*Available data:*
────────────────────────────────────────

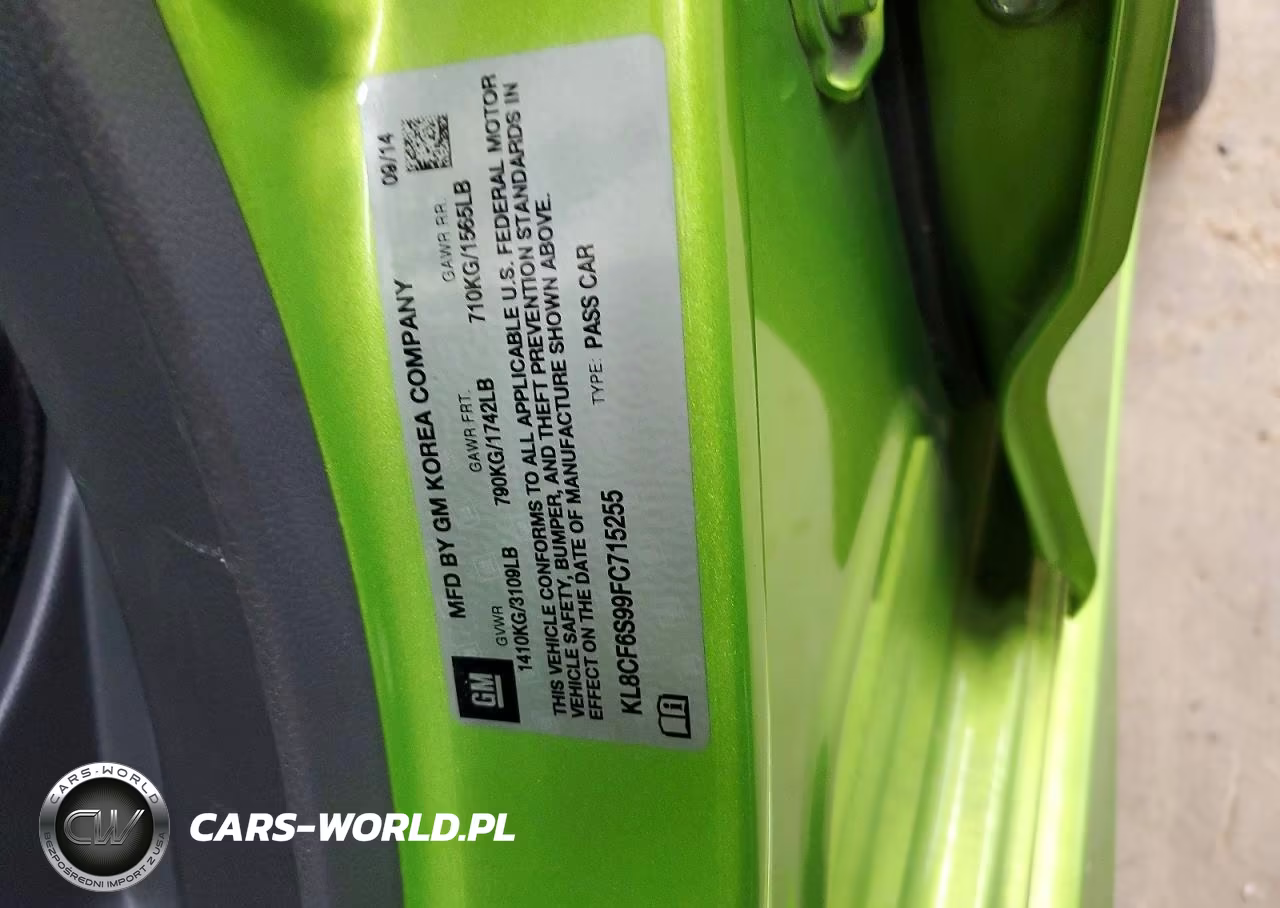 2015 Chevrolet Spark 2Lt VIN:KL8CF6S99FC715255 - 12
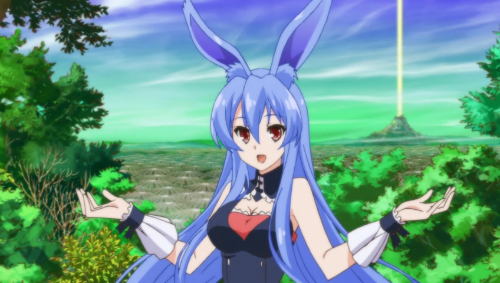 Premium AI Image | Anime girl with bunny ears holding a carrot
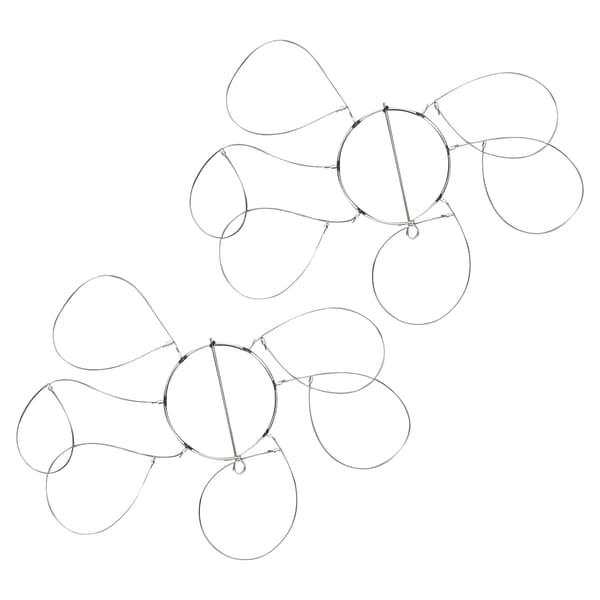 Krabbebur med 6 ringer, rustfritt stål, 8,5 cm, gjenbrukbart, 2 stk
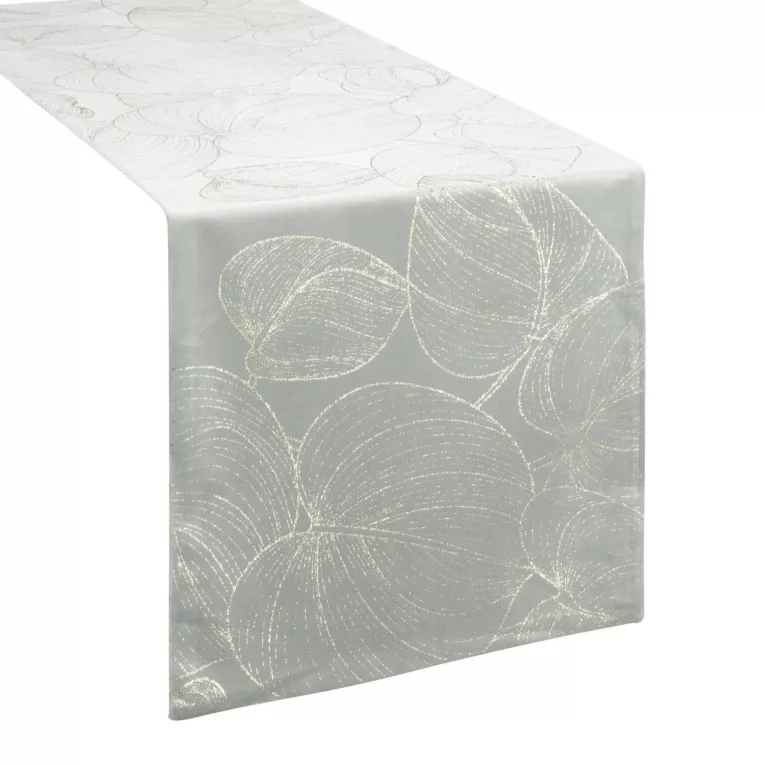 Bieżnik na stół popielato, złocisty 35x140 cm welwetowy BLINK 16 z dużym wzorem liści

────────────────────────────────────────

*About this exercise:* Write out only the lines from the line containing "Premium AI Image" through the end of the material above, both end lines included. Pictures are not written out.

*Result:*
 Premium AI Image | Anime girl with bunny ears holding a carrot
 Krabbebur med 6 ringer, rustfritt stål, 8,5 cm, gjenbrukbart, 2 stk
 Bieżnik na stół popielato, złocisty 35x140 cm welwetowy BLINK 16 z dużym wzorem liści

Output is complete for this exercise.